Another reason I don't find a perfect God to be a satisfactory explanation - benevolence aside - is that *a perfect being shouldn't be able to create something arbitrary*, like the rules of physics and the universe's initial state. Why are they one way and not another? How could a being made only of perfection choose something unless it was the best, and how *is* it best?

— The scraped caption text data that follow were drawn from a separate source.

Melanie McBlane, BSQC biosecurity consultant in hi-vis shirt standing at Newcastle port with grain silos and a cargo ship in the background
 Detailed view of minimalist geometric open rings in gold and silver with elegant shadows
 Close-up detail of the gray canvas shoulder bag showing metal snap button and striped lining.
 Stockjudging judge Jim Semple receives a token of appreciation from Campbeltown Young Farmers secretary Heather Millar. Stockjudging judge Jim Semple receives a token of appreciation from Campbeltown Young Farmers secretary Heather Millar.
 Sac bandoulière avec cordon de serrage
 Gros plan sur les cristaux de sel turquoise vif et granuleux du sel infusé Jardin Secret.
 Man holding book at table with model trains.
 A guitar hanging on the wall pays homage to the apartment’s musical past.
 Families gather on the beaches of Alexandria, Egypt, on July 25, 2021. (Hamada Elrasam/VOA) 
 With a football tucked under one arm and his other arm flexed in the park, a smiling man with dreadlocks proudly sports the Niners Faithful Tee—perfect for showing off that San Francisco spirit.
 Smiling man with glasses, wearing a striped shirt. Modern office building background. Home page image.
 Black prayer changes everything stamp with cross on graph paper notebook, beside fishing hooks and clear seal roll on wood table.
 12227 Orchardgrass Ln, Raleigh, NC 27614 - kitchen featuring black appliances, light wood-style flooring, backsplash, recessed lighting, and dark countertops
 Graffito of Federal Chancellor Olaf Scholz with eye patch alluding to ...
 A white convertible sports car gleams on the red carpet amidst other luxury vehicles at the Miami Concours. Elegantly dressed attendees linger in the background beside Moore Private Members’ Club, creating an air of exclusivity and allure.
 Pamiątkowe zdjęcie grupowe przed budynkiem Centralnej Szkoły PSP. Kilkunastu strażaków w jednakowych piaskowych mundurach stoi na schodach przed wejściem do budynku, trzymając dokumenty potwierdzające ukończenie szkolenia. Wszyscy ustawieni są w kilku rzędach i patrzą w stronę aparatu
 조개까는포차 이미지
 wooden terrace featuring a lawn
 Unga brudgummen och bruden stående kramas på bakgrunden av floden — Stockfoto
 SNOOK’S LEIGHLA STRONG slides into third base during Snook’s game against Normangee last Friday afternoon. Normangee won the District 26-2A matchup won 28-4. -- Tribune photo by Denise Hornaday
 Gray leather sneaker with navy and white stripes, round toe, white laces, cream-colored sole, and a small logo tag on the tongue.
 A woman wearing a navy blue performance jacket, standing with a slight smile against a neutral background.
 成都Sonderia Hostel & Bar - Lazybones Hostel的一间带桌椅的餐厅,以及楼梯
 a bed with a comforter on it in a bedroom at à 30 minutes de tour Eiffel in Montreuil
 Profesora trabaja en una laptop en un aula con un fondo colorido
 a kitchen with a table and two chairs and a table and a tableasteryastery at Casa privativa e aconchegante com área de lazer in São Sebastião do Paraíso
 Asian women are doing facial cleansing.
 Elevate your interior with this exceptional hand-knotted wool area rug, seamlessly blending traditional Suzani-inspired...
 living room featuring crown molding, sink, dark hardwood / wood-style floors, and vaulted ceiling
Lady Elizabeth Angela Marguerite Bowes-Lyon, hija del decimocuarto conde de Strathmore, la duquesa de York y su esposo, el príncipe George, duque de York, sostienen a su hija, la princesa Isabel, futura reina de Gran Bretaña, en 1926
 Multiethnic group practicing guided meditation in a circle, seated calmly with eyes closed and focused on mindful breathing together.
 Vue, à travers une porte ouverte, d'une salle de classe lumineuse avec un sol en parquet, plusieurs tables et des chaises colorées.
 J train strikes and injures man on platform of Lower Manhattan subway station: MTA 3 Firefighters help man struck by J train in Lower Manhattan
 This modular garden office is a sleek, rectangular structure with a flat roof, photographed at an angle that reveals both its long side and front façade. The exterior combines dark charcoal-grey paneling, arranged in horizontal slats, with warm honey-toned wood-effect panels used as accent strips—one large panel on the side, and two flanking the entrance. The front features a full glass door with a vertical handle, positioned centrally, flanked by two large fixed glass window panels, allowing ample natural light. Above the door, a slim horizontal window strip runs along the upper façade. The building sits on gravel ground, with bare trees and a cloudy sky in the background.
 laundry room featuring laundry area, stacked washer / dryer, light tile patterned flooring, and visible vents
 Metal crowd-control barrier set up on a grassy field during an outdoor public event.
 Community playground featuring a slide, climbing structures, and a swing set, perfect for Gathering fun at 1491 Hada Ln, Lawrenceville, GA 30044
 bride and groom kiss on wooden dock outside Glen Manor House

But for many years, I didn't have a better answer. It seemed impossible to say the universe didn't have a cause, because, well, what could its initial state have been? The initial state of the universe, which didn't need any creator or any cause? To get such special privileges, I thought this state had to *make sense* somehow. There had to be nothing *arbitrary* about it. But aside from states which obviously weren't the one (a world where nothing exists; a world where all souls were stuck in the same experience loop with no agency), I couldn't conceive of a non-arbitrary state. So I had pretty much resigned to the conclusion that the universe started out in a random state because there was no such thing as a non-random one.
Then something clicked.
Every possible starting state exists. There are an infinite number of universes unreachable to each other. Everything is real. Nothing is arbitrary.
In practical terms, the world remains arbitrary since we can't access the others, but at long last, it makes sense to me how our world *can* be arbitrary.
I'm kind of embarrassed that it too me so long to come to believe this because I actually heard the Cosmic Slot Machine idea expressed way back when I was Catholic. I guess back then I was still clinging to God, and since the atheist expressing it didn't articulate to me why God couldn't work as an explanation, I forgot about it until I thought of it again years later.